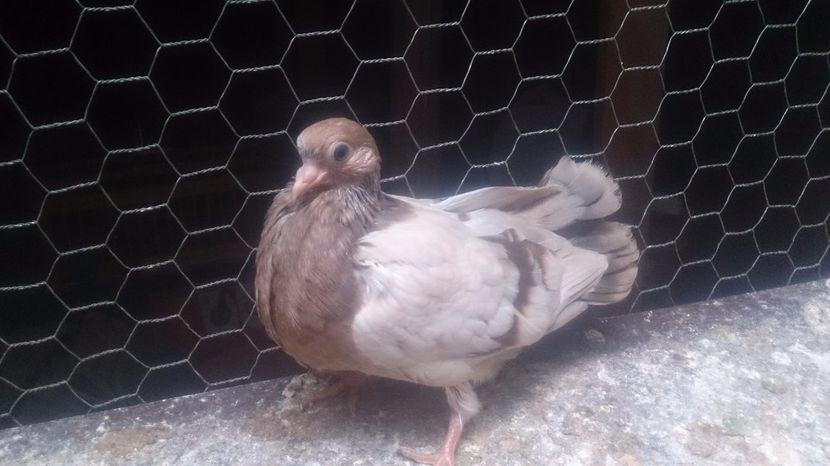  - Zburator Dungat Romanesc 2017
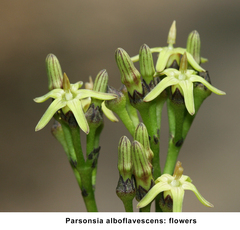 Parsonsia alboflavescens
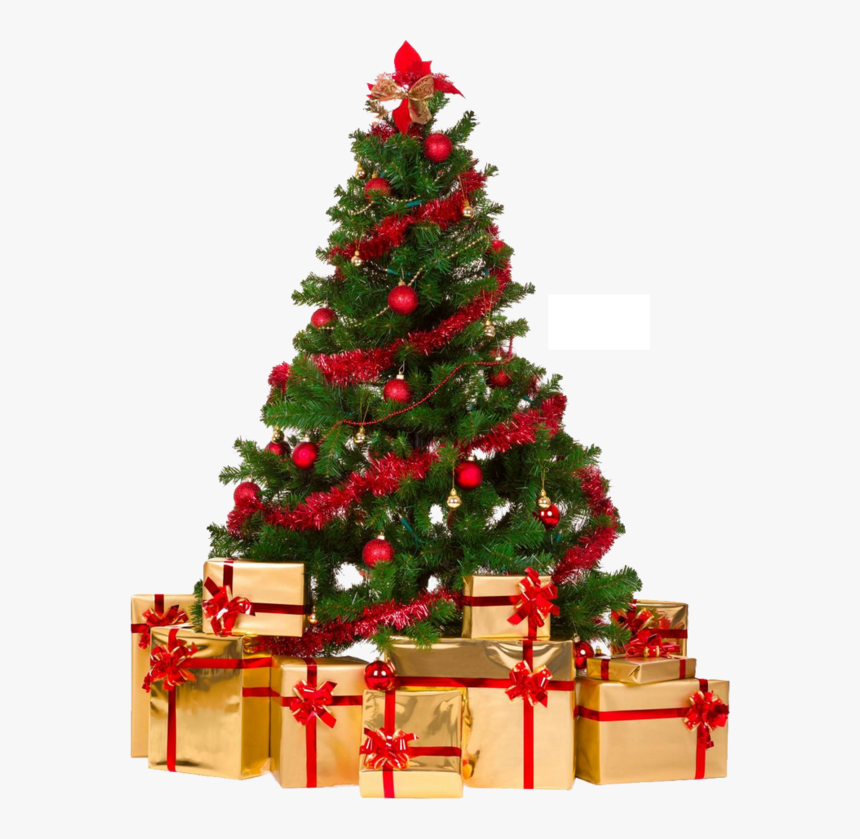 Network Tree Day Decorations Graphics Christmas Portable, HD Png Download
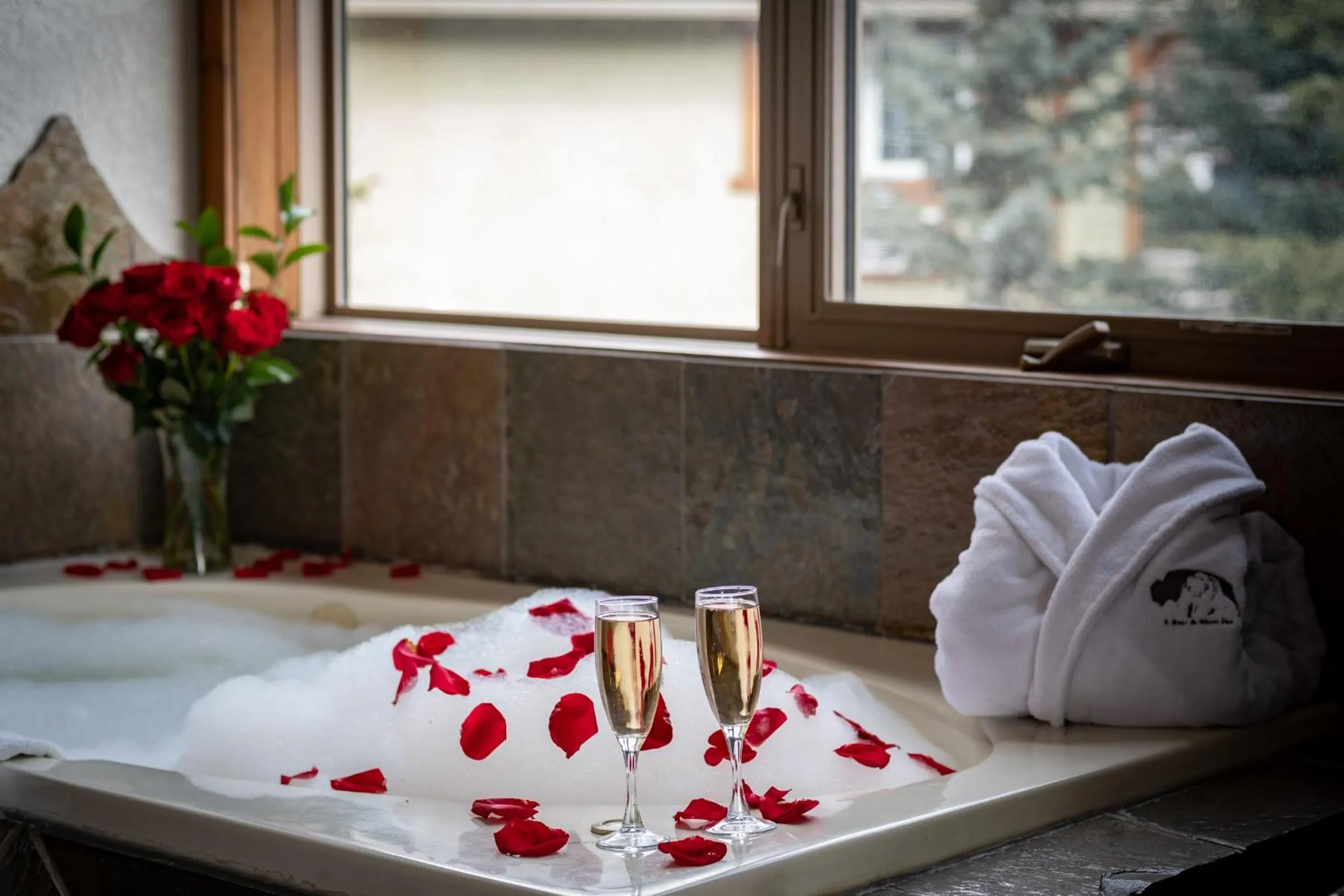 Bath in A Bear and Bison Country Inn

Assignment – Write out all of the data above exactly, pictures excluded.

Output below –
  - Zburator Dungat Romanesc 2017
 Parsonsia alboflavescens
 Network Tree Day Decorations Graphics Christmas Portable, HD Png Download
 Bath in A Bear and Bison Country Inn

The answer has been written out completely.